Just as a slight off-topic reminisce, my Dad had a business trip to Los Angeles and was invited to the Premiere of the original Star Wars film.

We were all super excited for him but then found out that jet lag had gotten the better of him and he had fallen asleep in the cinema and
missed the whole bloody film !!


----------



## JonFairhurst (Jan 28, 2013)

I'm less concerned about the director and composer and more concerned about the writer(s) and the quality of the script. Thankfully, Lucas won't be penning the dialog.

Cause in the end, it all comes down to how many "younglings" survive...


----------



## snowleopard (Jan 29, 2013)

Agree completely with Jon. It's the writers and script(s) that are paramount. Not just dialog though, story structure, character development, etc. That was the downfall of the prequels more than anything else.


----------



## ryanstrong (Jan 29, 2013)

I do think the writers are key here, but with any great film I think you are only as good as your weakest link here so I'd love to see a true great collaboration of a director, composer, cinematographer, CGI team, production crew, writers etc.

That's a lot to expect but we are talking about one of the largest franchises in cinema history here.


----------



## choc0thrax (Jan 29, 2013)

The thing to worry about is the time frame they expect to do this in.


----------



## Guy Rowland (Jan 29, 2013)

choc0thrax @ Tue Jan 29 said:


> The thing to worry about is the time frame they expect to do this in.

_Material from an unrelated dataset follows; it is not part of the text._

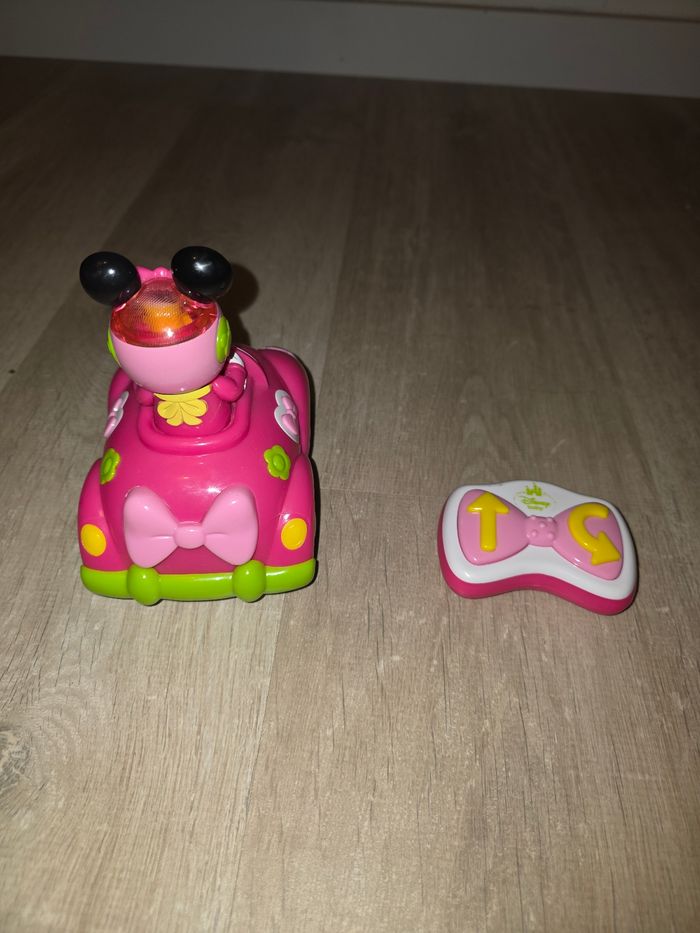 Voiture télécommandée Minnie Mouse Disney - photo numéro 2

Well... 2015. 2 years. We don't know how long Michael has been working on the script already, but I'd be surprised if he isn't way past first draft. Given that, the timescale looks fine to me.

One rumour I heard through a convoluted source is that they were going to reign in the CG massively on this pic, do more in camera. That means longer for pre-production, shorter for post... a lot shorter hopefully. Again, don't have any alarm bells ringing.

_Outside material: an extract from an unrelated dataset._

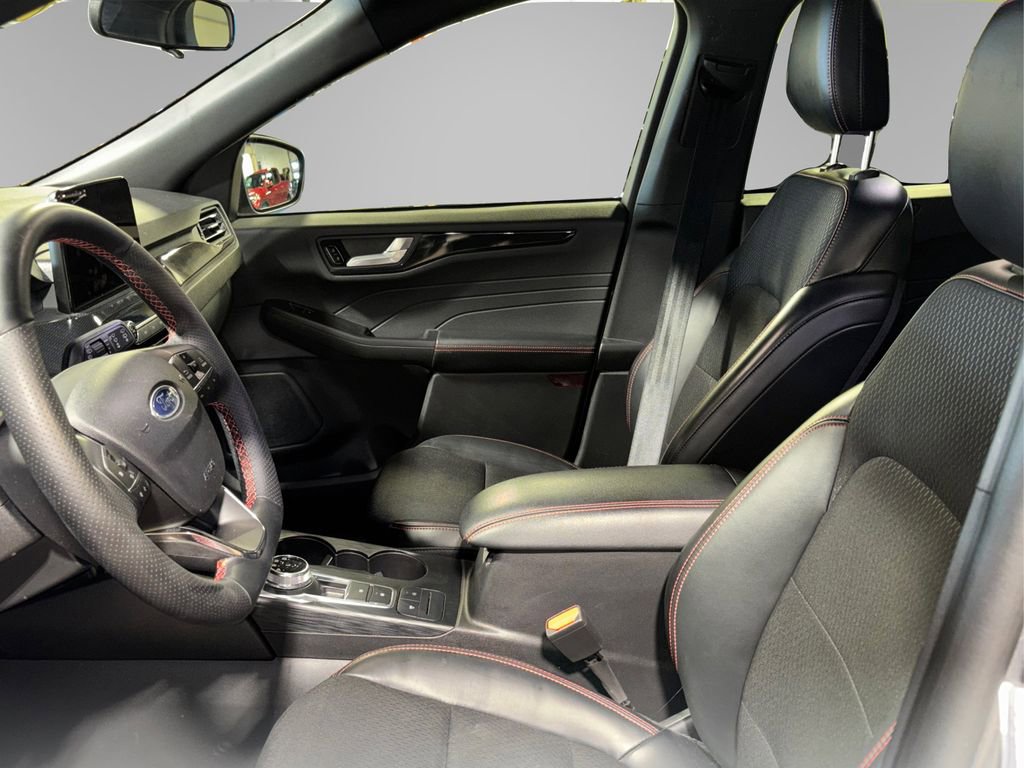 Certified 2025 Ford Escape ST-Line image 2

Star Wars IV first draft was, I believe, 1974 and it was a horrible mess. They shot in 1976.


----------



## JonFairhurst (Jan 29, 2013)

Using practical effects, rather than CGI, would be a tip of the hat to the original. More than anything, I enjoy seeing the sets, props and costumes when I watch the first two films. It wasn't quite up to "2001 ASO" realism, but it was still impressive.


----------



## choc0thrax (Jan 29, 2013)

Guy Rowland @ Tue Jan 29 said:


> choc0thrax @ Tue Jan 29 said:
> 
> 
> > The thing to worry about is the time frame they expect to do this in.
> ...



Well we don't know where Arndt is with the writing. True maybe he's deep into it but who knows. They'll still need to bring in Lindelof to make sure no one knows why anything is happening.

More practical effects will mean shorter post until they panic and decide to replace it all with CG later. Normally I can't stand a lot of CG but I was actually really impressed with what they did on Star Trek.

I still think this is a pretty ambitious time frame for something as massive as Star Wars. Of course that can work for or against you. The one thing to remember is that film making is a crapshoot. 8)


----------



## Kralc (Feb 6, 2013)

http://www.slashfilm.com/disney-confirm ... -episodes/

:|


----------



## R.Cato (Feb 6, 2013)

+1 for a Chewbacca standalone film. :D

This is crap. I actually don't want to know everything about the life of some characters. It takes away the mystery, especially Yoda's.

I guess Disney sees him as the most family friendly character. So we can expect Wall-E with a better grammar..... :?


----------



## Guy Rowland (Feb 6, 2013)

R.Cato @ Wed Feb 06 said:


> +1 for a Chewbacca standalone film. :D
> 
> This is crap. I actually don't want to know everything about the life of some characters. It takes away the mystery, especially Yoda's.
> 
> I guess Disney sees him as the most family friendly character. So we can expect Wall-E with a better grammar..... :?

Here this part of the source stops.